Mais il est vrai que jadis, les européens sont venus en Afrique en conquérants. Ils ont envahi nos terres, les ont délimité et s’en sont partagé entre eux. Ils ont banni les dieux, les langues, les croyances et les coutumes. Ils ont exigé aux africains ce qu'ils devaient penser, ce qu'ils devaient croire, ce qu'ils devaient faire. Ils ont coupé nos ancêtres de leur passé, les ont arraché leur âme et leurs racines. Ils ont désenchanté l'Afrique.


En nous identifiant seulement qu'en tant qu’ africain serait condamner la richesse des différences qui existe entre Africains.

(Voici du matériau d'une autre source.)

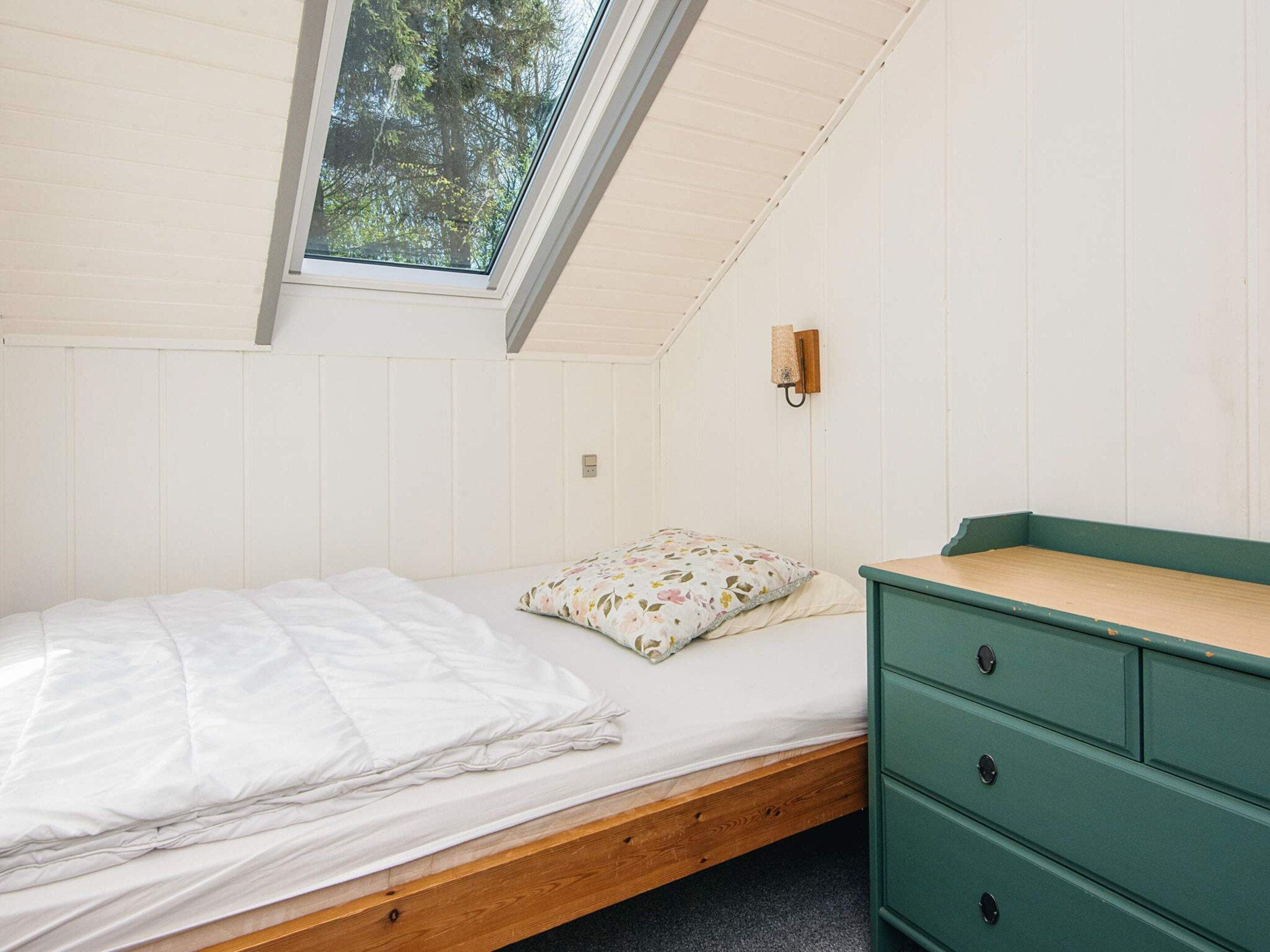 A single-bed room with a skylight, a wooden headboard, a green dresser, and a floral pillow.
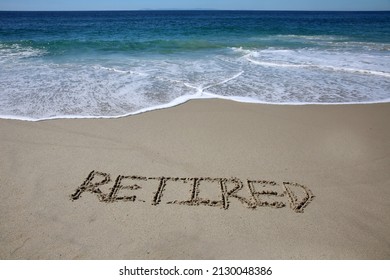 Words written in sand. The word RETIRED written in the sand on the beach with the ocean in the background. When retired you have more time to enjoy the beach and ocean. Relax you are Retired. Retired.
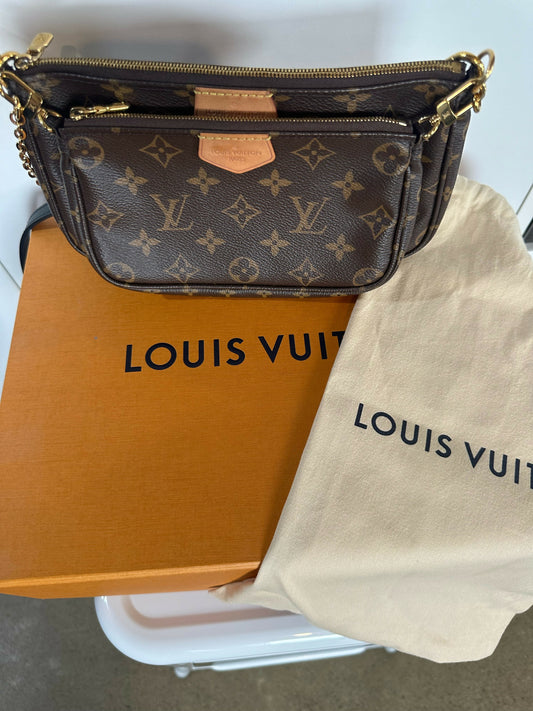 The EXCHANGE Louis Vuitton Multi Pochette - Full Set with gold accents rests on an orange box beside a beige dust bag, showcasing the classic brown Monogram canvas and a chic black leather strap.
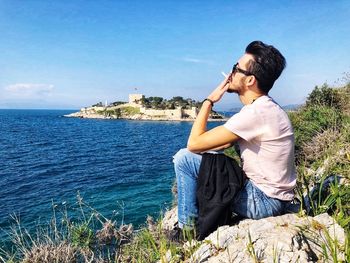 Young man sitting on rock by sea against sky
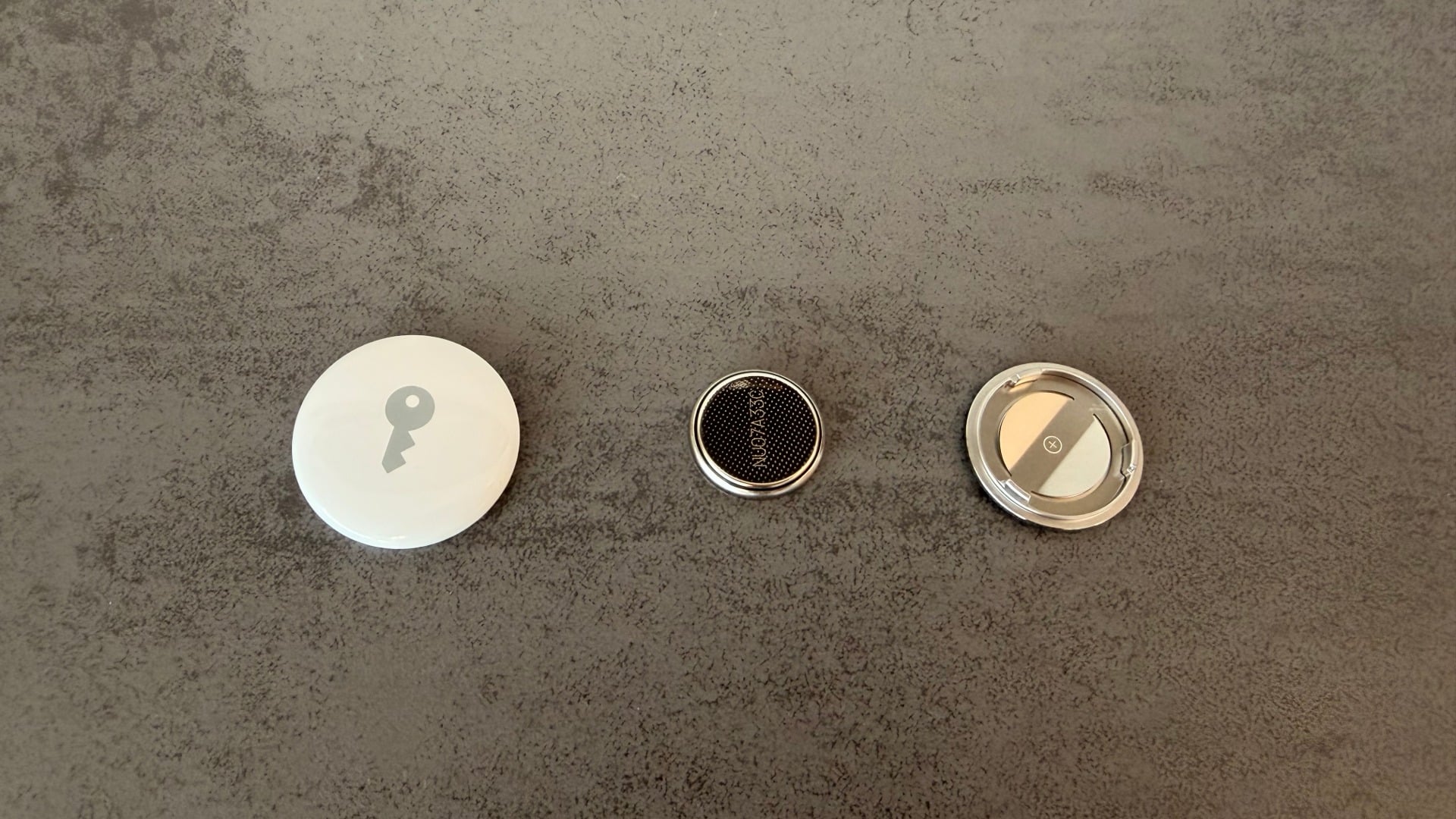 Geöffneter AirTag mit Gehäuse links, Knopfzelle in der Mitte und Abdeckung rechts, das Entnehmen der Batterie beendet AirTag-Stalking sofort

Certains pays africains partagent la même histoire coloniale mais pas les histoires africaines car il n'y a pas qu’une seule histoire en Afrique, il y a bien eu des histoires avant la colonisation. Les histoires des royaumes, des empires et des peuples africains qui n’ont jamais été traités ni suivis.


Nous résumer à une seule histoire, un seul peuple serait nous enfoncer le clous dans ignorance des Histoires africaines. En coupant court à nos racines et à nos valeurs pour nous mettre tous dans un seul panier, pour ne pas dire un seul bateau et nous déporter une seconde fois dans un autre monde qui n’est pas le nôtre ni celui de nos ancêtres. Ça nous fragiliserait même en tant que peuple, et nous rendrait vulnérables aux stéréotypes et aux étiquettes.


Le mystère de l'Afrique.


L'Afrique est si complexe, si riche et si profonde que l’homme blanc n’a rien trouver de mieux que de convertir l’homme noir et de le façonner en son image, car ils aiment les gens qui les ressemblent, qui pensent comme eux. Le colonisateur n' a jamais eu l'intérêt de connaître l'Afrique et il a réduit en un seul peuple pour mieux le maîtriser.

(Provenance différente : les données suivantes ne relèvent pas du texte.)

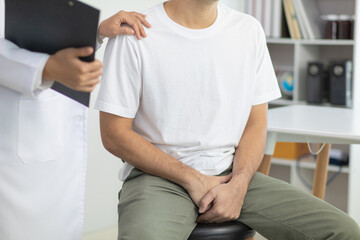 Obraz premium A young man suffering from erectile dysfunction seeks consultation with a specialist to identify the cause of his erectile dysfunction and seek treatment or cure for the erectile dysfunction.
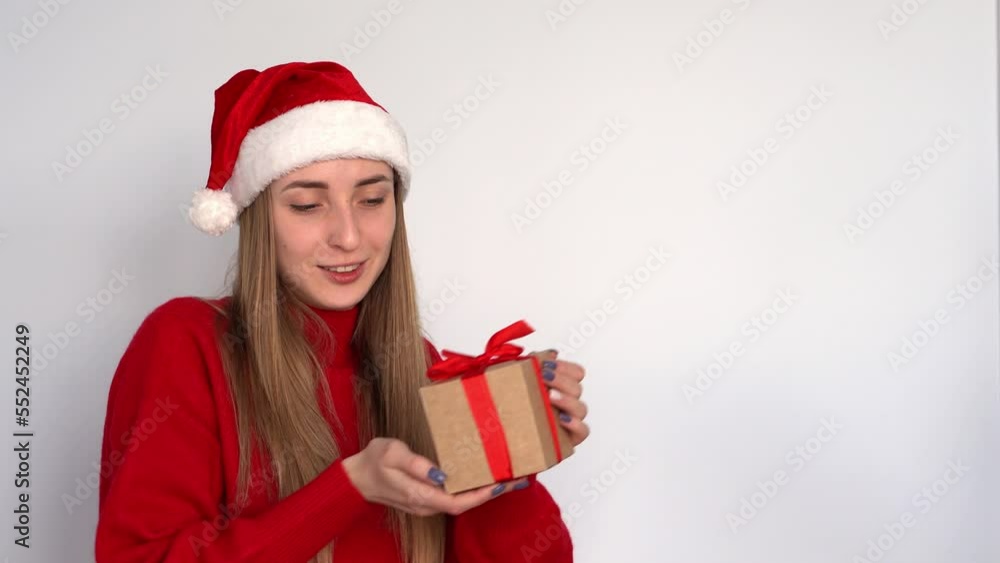 A girl dressed as Santa receives a Christmas present in a box with a red ribbon. New Year holidays. A girl dressed as Santa receives a Christmas present in a box with a red ribbon. New Year holidays.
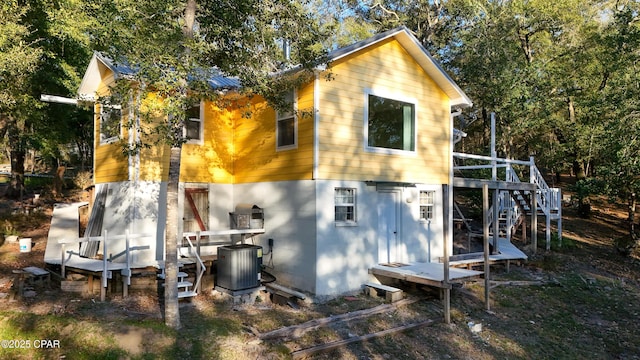 view of outbuilding with stairs and cooling unit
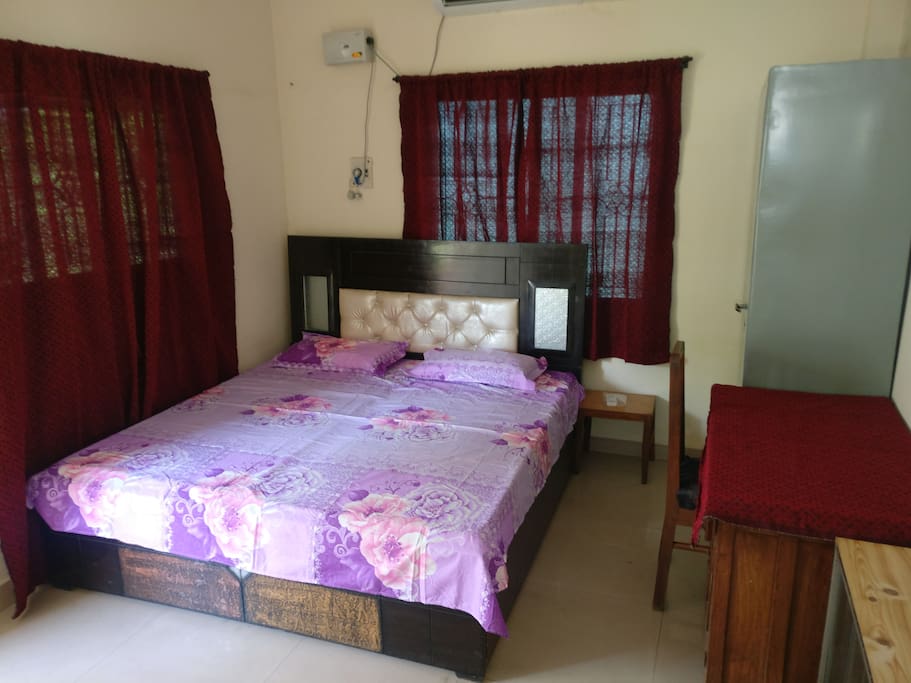 Double bed with attached bathroom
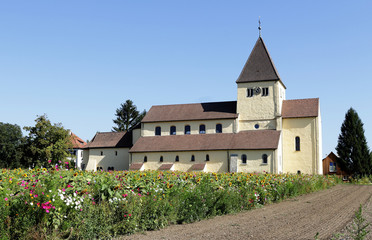 A German Village Church and Tower with wildflower meadow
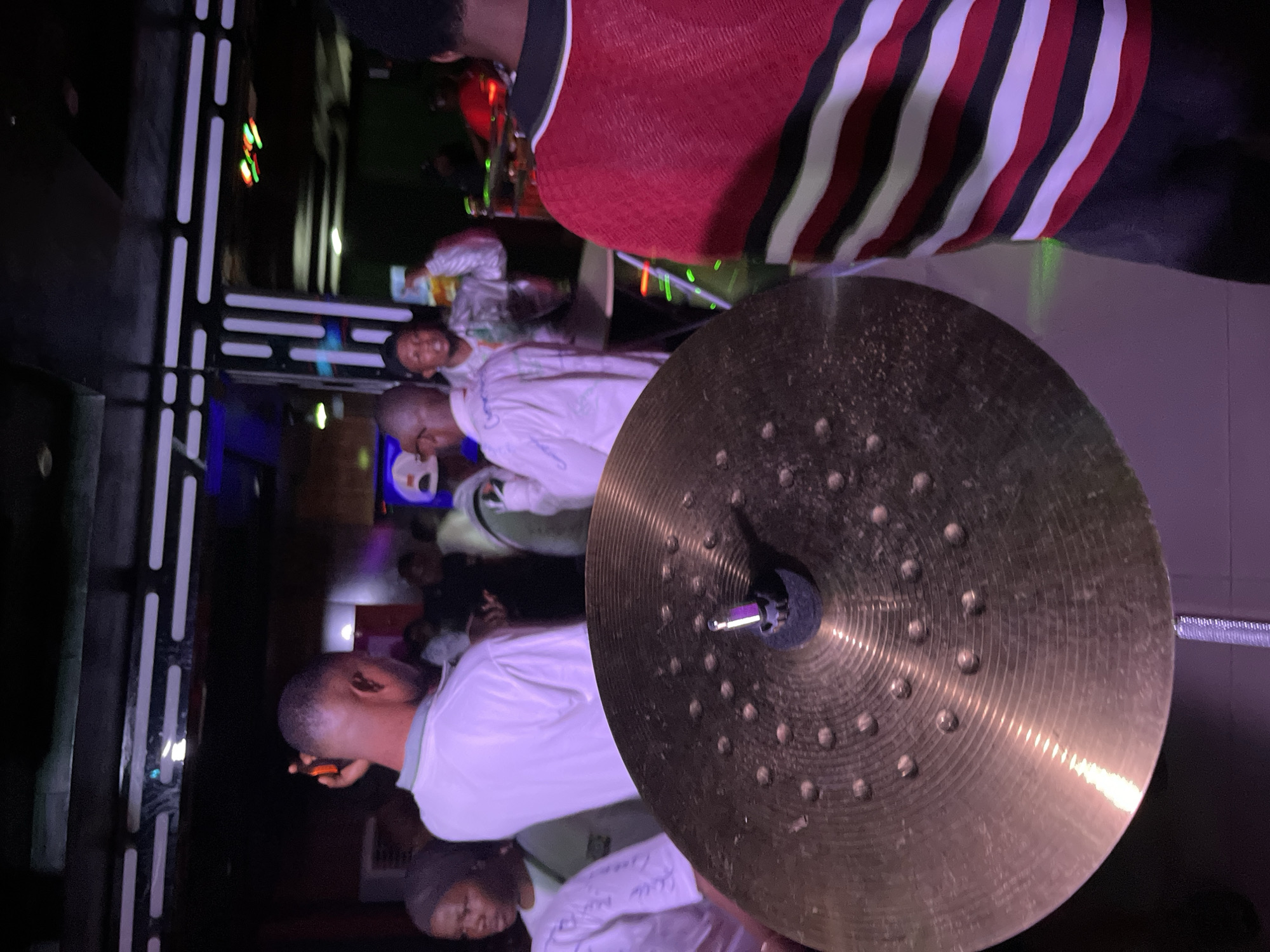 In an indoor venue, possibly a club or bar, a cymbal from a drum set is prominently featured in the foreground, angled towards the viewer. Behind it, a diverse group of individuals are visible, some engaged in conversation or holding drinks. The lighting appears to be dim and colorful, with a mix of purple and green hues illuminating the scene. A person wearing a red and black striped shirt stands on the right side of the frame, partially obscuring the background. The overall atmosphere suggests a social gathering or event. The location is described as Unknown, Unknown.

Les Africains sont très différents les uns des autres. Un Munyankole de l'Ouganda est très différent d’un wolof du Sénégal. Un Masaï du Kenya ou de la Tanzanie est très différent d’un Khoisan de l’Afrique australe. Nous parlons différentes langues, nous avons différentes pratiques religieuses qui existent bien même avant l'arrivée des blancs. Ainsi, bien que nous n'ayons pas la même culture, encore moins la même coutume, nous partageons les mêmes valeurs traditionnelles et nous sommes tous Africains.


Nos origines et nos différences sont nos richesses. Ne nous coupons pas de ce qui vous enrichit, ne nous amputons pas d'une part de nous-même. L’identité s’élabore dans une relation qui oppose un groupe aux autres. c’est une image sociale dans la mesure où elle est une construction sociale et demeure multidimensionnelle. Aucun individu, un groupe ou un peuple ne peut être enfermé dans une identité unidimensionnelle. Être seulement Africain est un enfermement. c’est l'étiquetage. C'est un fantasme qui ne peut conduire qu’ au fanatisme.


Notre identité dépend du contexte historique, culturel et social dans lequel nous nous trouvons. Il s'avère au fond que nous n’avons pas tous la même histoire, ni la même culture et loin les mêmes valeurs sociales. Par exemple, l’histoire d’un rwandais n’est pas celle d’un algérien. Il en est de même de la culture.


Quand on parle de la culture africaine, il ne s'agit pas de la même culture de Tunis au Cap, et de Dakar à Mogadiscio. Ça va de même de la cuisine africaine, de l'art africaine, la tradition africaine. Et quand Eddy Murphy, Steve Harvey font l’accent africain, savent-ils que l’accent anglais d’un Rwandais est différent à celui d'un Nigérian? Néanmoins, nous nous reconnaissons tous Africains, et nous avons tous entre nous des liens forts que nul ne peut défaire.


Il est toutefois possible d’avoir une identité pour soi et une pour les autres. Et n'oublions pas que l’identité est en perpétuelle construction, et aussi qu’elle demeure un produit de l’histoire. Chaque génération doit reconstruire une identité basée sur l’identité sociale héritée et sur les acquis de la socialisation primaire et secondaire.


Je suis africain mais je suis aussi Burundais.